Yanlar arasında görülen tapu iptali ve terkin davası sonunda, yerel mahkemece davanın, kabulüne ilişkin olarak verilen karar davalılar vekillerince yasal süre içerisinde duruşmalı temyiz edilmiş olmakla dosya incelendi, Tetkik Hakimi ...raporu okundu, açıklamaları dinlendi, duruşma istemi değerden reddedildi,gereği görüşülüp düşünüldü;
Dava, 3621 sayılı Yasadan kaynaklanan tapu iptal ve sicil kaydının kütükten terkini isteklerine ilişkindir.
Mahkemece, davanın kabulüne karar verilmiştir.
Dosya içeriği ve toplanan delillerden; Silivri Kadastro Mahkemesinin 14.12.1998 tarih ve 1989/34 E. 1998/38 K. sayılı kararı gereğince nizalı 52 ada 23 nolu parselin 519 m²"lik bölümü yönünden, H.B.A.mirasçılarının tutunduğu tapu kaydı kapsamında kaldığı ve bu bölümün H. B.A.mirasçıları adına tesciline karar verildiği, anılan bu kararın Yargıtay 7. Hukuk Dairesinin 12.03.2002 tarih ve 2001/685 E. 2002/1790 K. sayılı kararı ile onandığı ve Mahkemece kesinleşme kararı verilmesi üzerine, 52 ada 23 nolu parselin 519 m2"lik bölümünün H.B. A. mirasçıları adına Kadastro Mahkemesi kararı gereğince 301 ada 100 parsel nosu ile 12.12.2003 tarihinde tapuya tescil edildiği ve aynı tarihte anılan parselin davalılara satış yoluyla devredildiği görülmektedir.

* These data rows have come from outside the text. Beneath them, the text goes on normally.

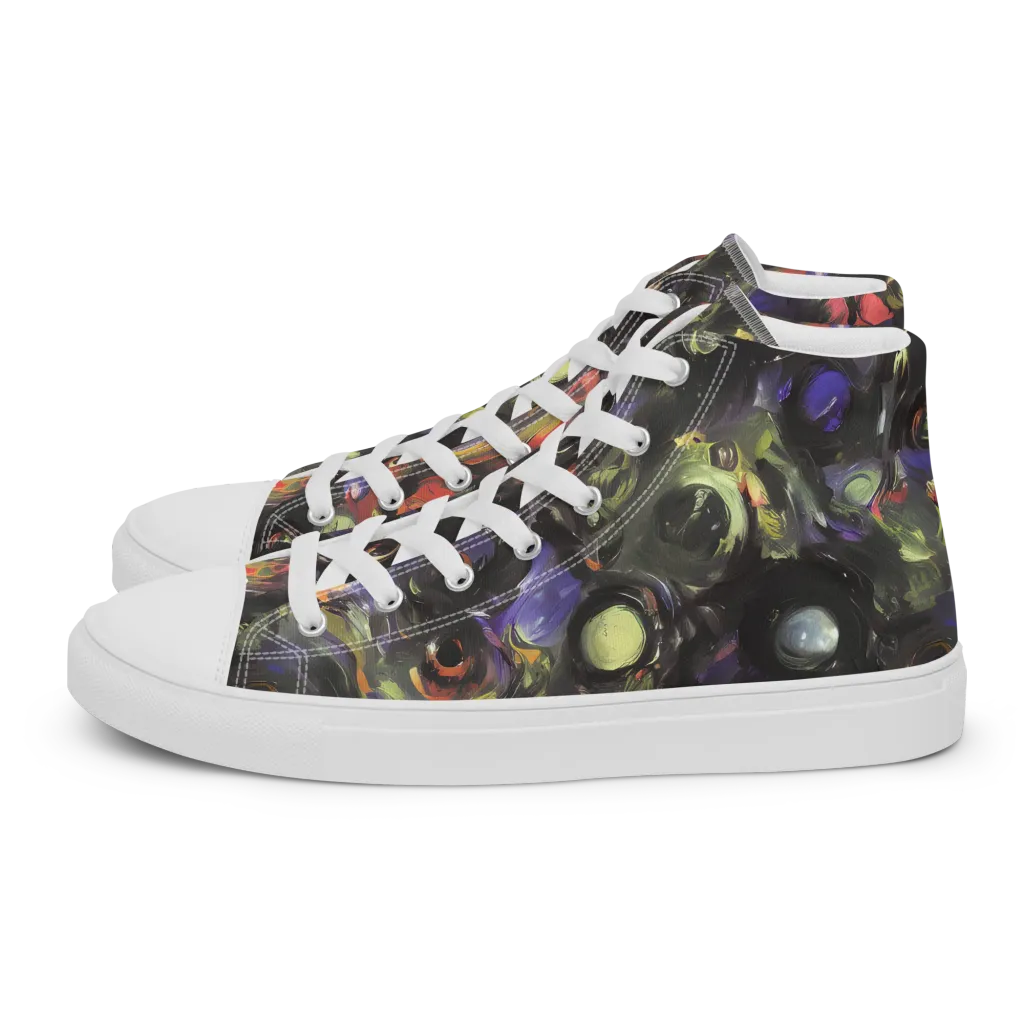 Fires of the Void on Men's High Top Canvas Shoes — Left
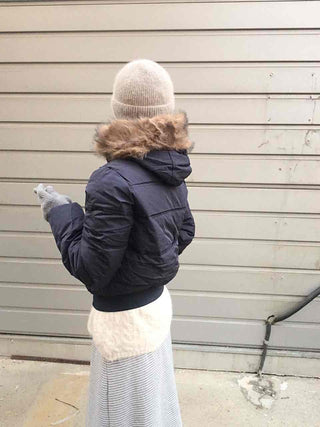 Cropped Short Padded Jacket with Fur Hood and Pocket Detail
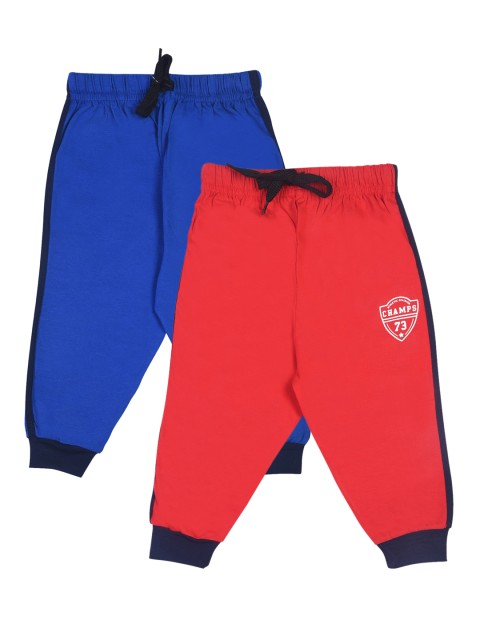 CRAZYPENGUIN Boys Pack Of 2 Colourblocked Slim-Fit Track Pants, Red
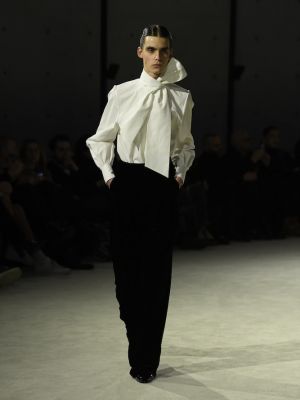 Bavlnená košeľa s mašľou Saint Laurent biela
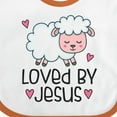 thumbnail image 4 of Inktastic Loved by Jesus Cute Baby Lamb Boys or Girls Baby Bib, 4 of 4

Davacı Hazine, 19.04.2005 tarihinde çekişme konusu 301 ada 100 parsel sayılı taşınmazın kıyı kenar çizgisi içerisinde kaldığı ve tapusunun iptal ile sicil kaydının tapu kütüğünden terkini istemiyle eldeki davayı açmış, Mahkemece taşınmazın yapılan uygulama neticesinde bilirkişi raporları gereğince kıyı kenar çizgisi içerisinde kaldığı gerekçesiyle davanın kabulüne karar verilmiştir.
Nevarki, Silivri Kadastro Mahkemesinin yukarıda belirtilen dava dosyasında nizalı 52 ada 23 nolu parselin kıyı kenar çizgisi içerisinde kalan bölümleri yönünden Yargıtay 7. Hukuk Dairesinin bozma kararı bulunduğu görülmekle, Kadastro Mahkemesinde görülen davadaki kıyı kenar çizgisi belirlemesi ve kapsamının eldeki davada değerlendirilmesi gerekeceği açıktır.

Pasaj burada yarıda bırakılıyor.